_Prompt_
Every record below is to be retyped exactly, with the pictures left out.

━━━ Records shown

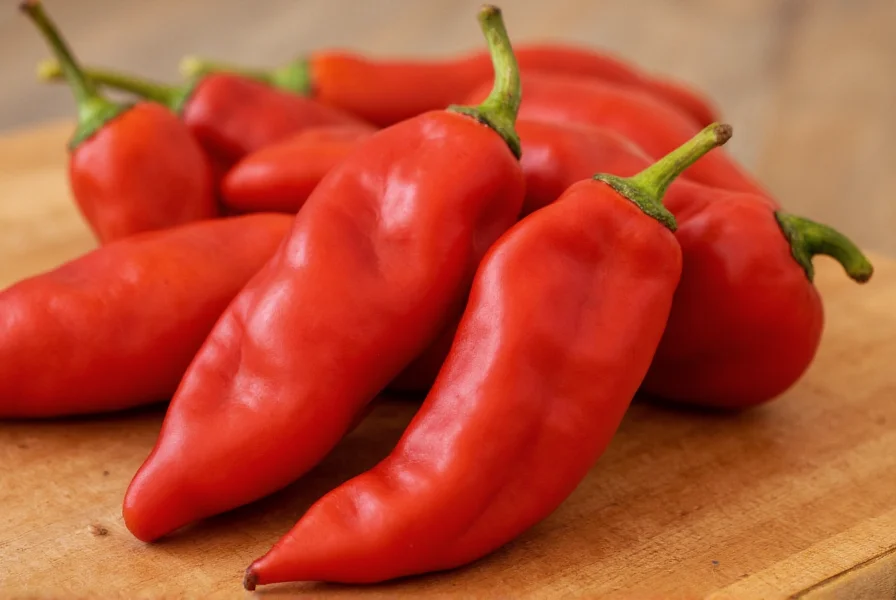 Close-up of red Fresno chili peppers showing their distinctive wrinkled skin and conical shape on a wooden cutting board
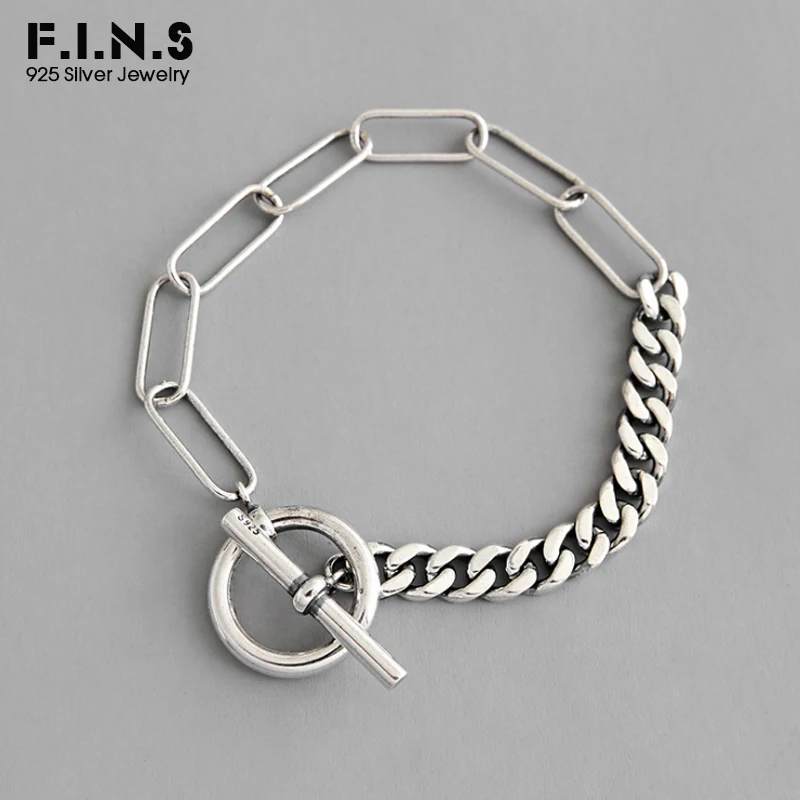 F.I.N.S корейский S925 Серебряный браслет ретро старый браслет цепочка индивидуальная пара Серебряная Асимметричная цепь для украшения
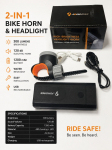 Jalgratta tarvik iLike JOHORSE Bike Headlight & Electric Horn &ndash; 300 Lumens, 120dB, USB Rechargeable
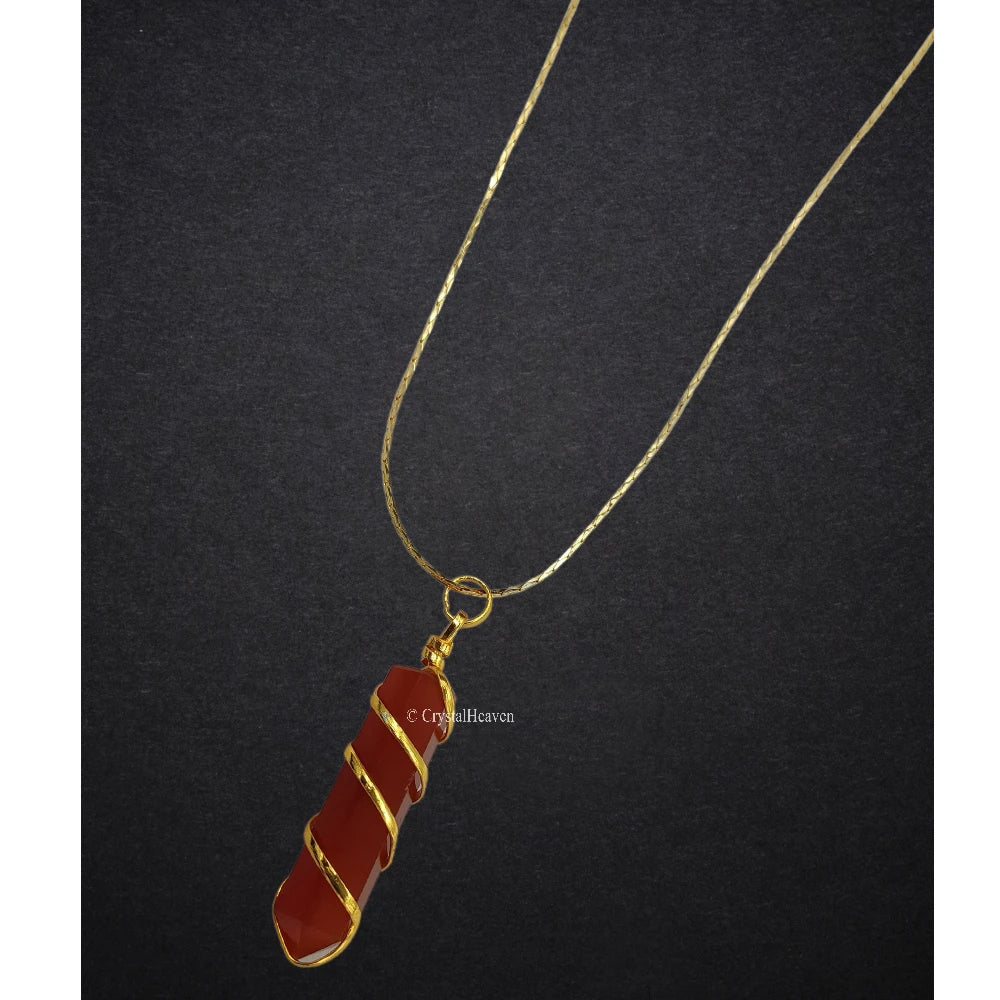 Carnelian Necklace - Spiral Pencil Crystal (Gold)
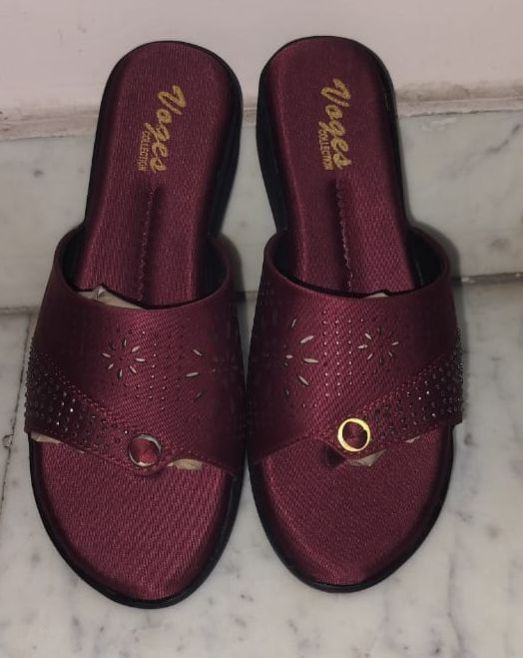 Voges Maroon Open Back Ladies Sandal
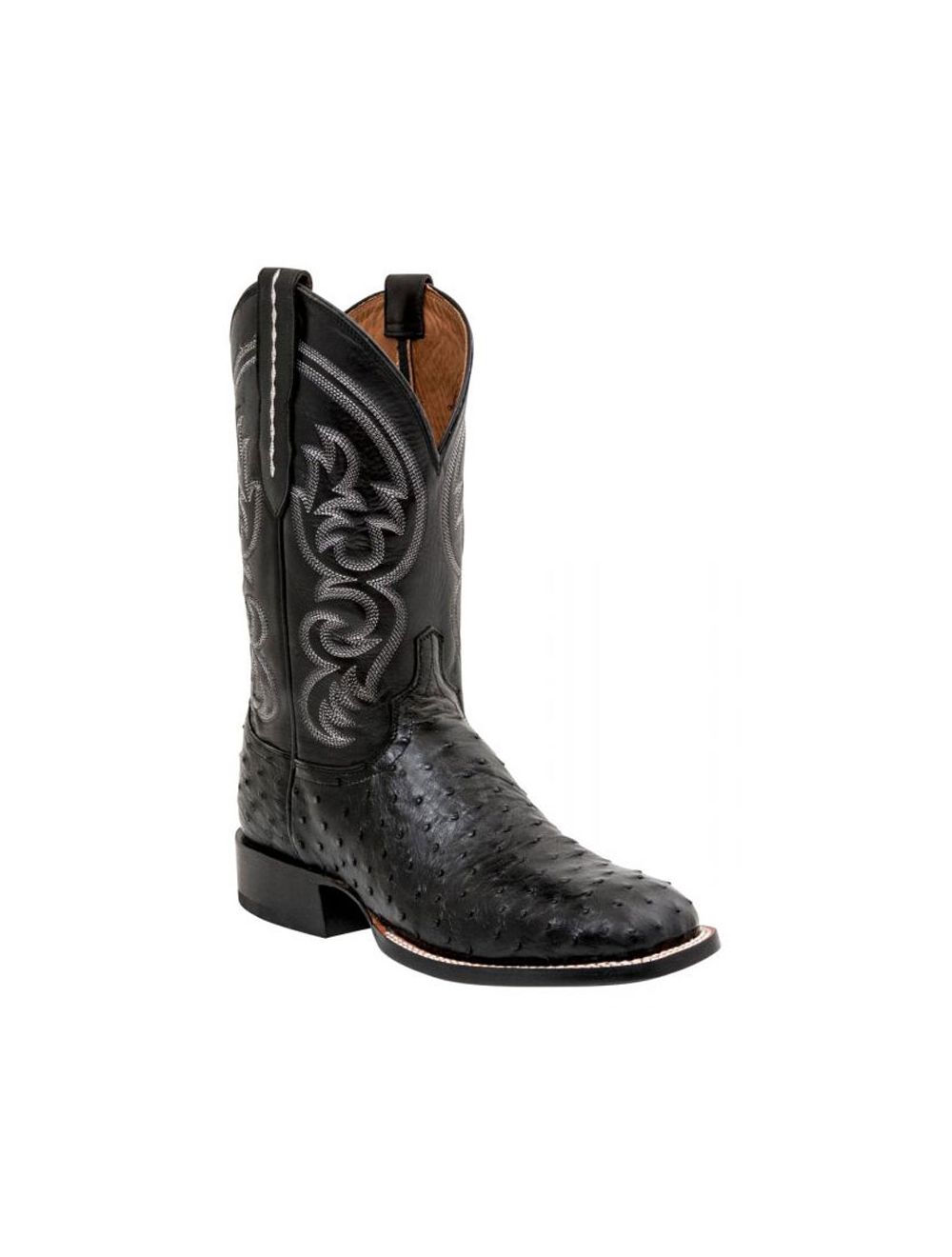Lucchese Men’s Black Ostrich Square Toe Cowboy Boots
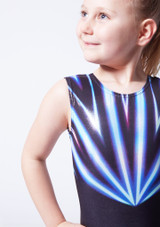 Alegra Girls Laser Tank Gymnastics Leotard Navy Blue Back [Blue]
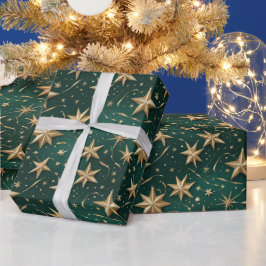 Papel De Presente Elegant Dark Green & Gold Star Wrapping Paper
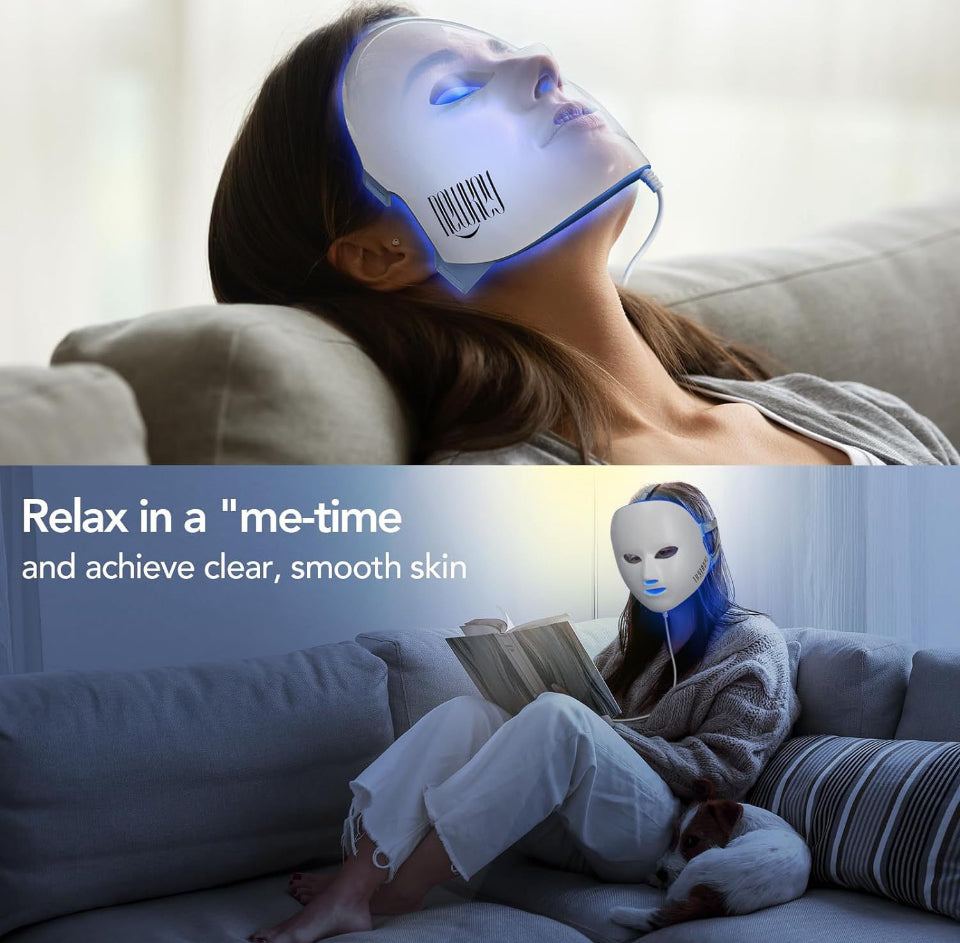 NEWKEY Blue Light Therapy for Acne, 7 Colors LED Face Mask Light Therapy, Blue Red Light Therapy Mask for Wrinkle Acne - Photon Skin Care Beauty Masks - Selzalot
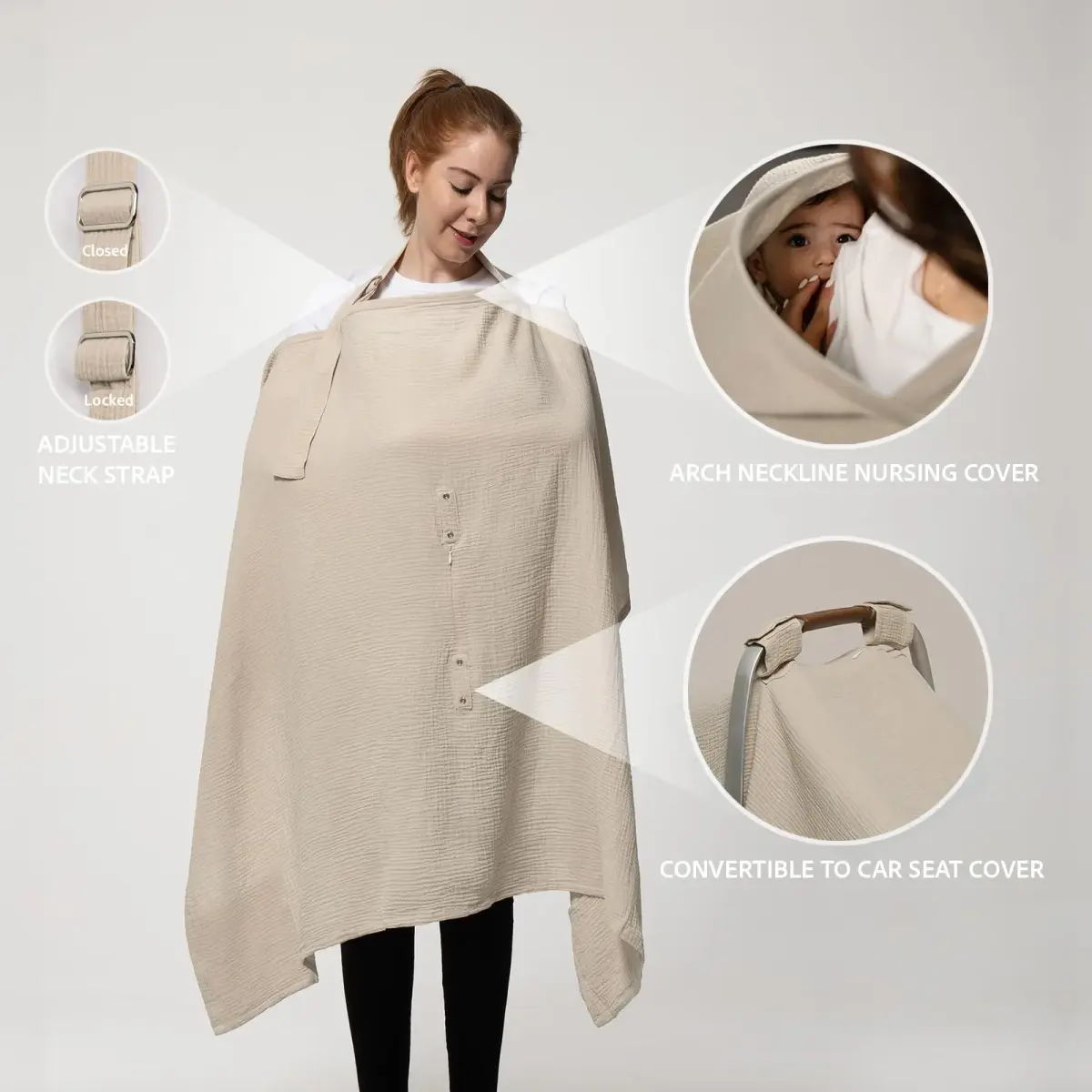 Nilsa 5-in-1 Muslin Nursing Cover 117cm x 91cm | Breathable Cotton Privacy Apron for Breastfeeding & Car Seat - view 3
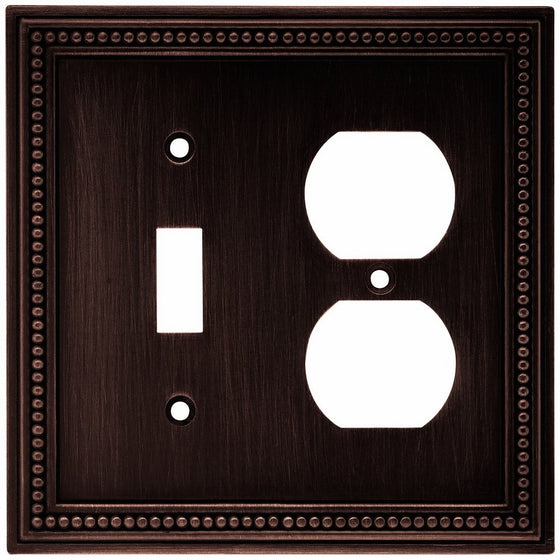 Brainerd 64406 Beaded Single Toggle Switch/Duplex Outlet Wall Plate/Switch Plate/Cover, Venetian Bronze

━━━━━━

_Problem solution_
 Close-up of red Fresno chili peppers showing their distinctive wrinkled skin and conical shape on a wooden cutting board
 F.I.N.S корейский S925 Серебряный браслет ретро старый браслет цепочка индивидуальная пара Серебряная Асимметричная цепь для украшения
 Jalgratta tarvik iLike JOHORSE Bike Headlight & Electric Horn &ndash; 300 Lumens, 120dB, USB Rechargeable
 Carnelian Necklace - Spiral Pencil Crystal (Gold)
 Voges Maroon Open Back Ladies Sandal
Lucchese Men’s Black Ostrich Square Toe Cowboy Boots
 Alegra Girls Laser Tank Gymnastics Leotard Navy Blue Back [Blue]
 Papel De Presente Elegant Dark Green & Gold Star Wrapping Paper
 NEWKEY Blue Light Therapy for Acne, 7 Colors LED Face Mask Light Therapy, Blue Red Light Therapy Mask for Wrinkle Acne - Photon Skin Care Beauty Masks - Selzalot
 Nilsa 5-in-1 Muslin Nursing Cover 117cm x 91cm | Breathable Cotton Privacy Apron for Breastfeeding & Car Seat - view 3
 Brainerd 64406 Beaded Single Toggle Switch/Duplex Outlet Wall Plate/Switch Plate/Cover, Venetian Bronze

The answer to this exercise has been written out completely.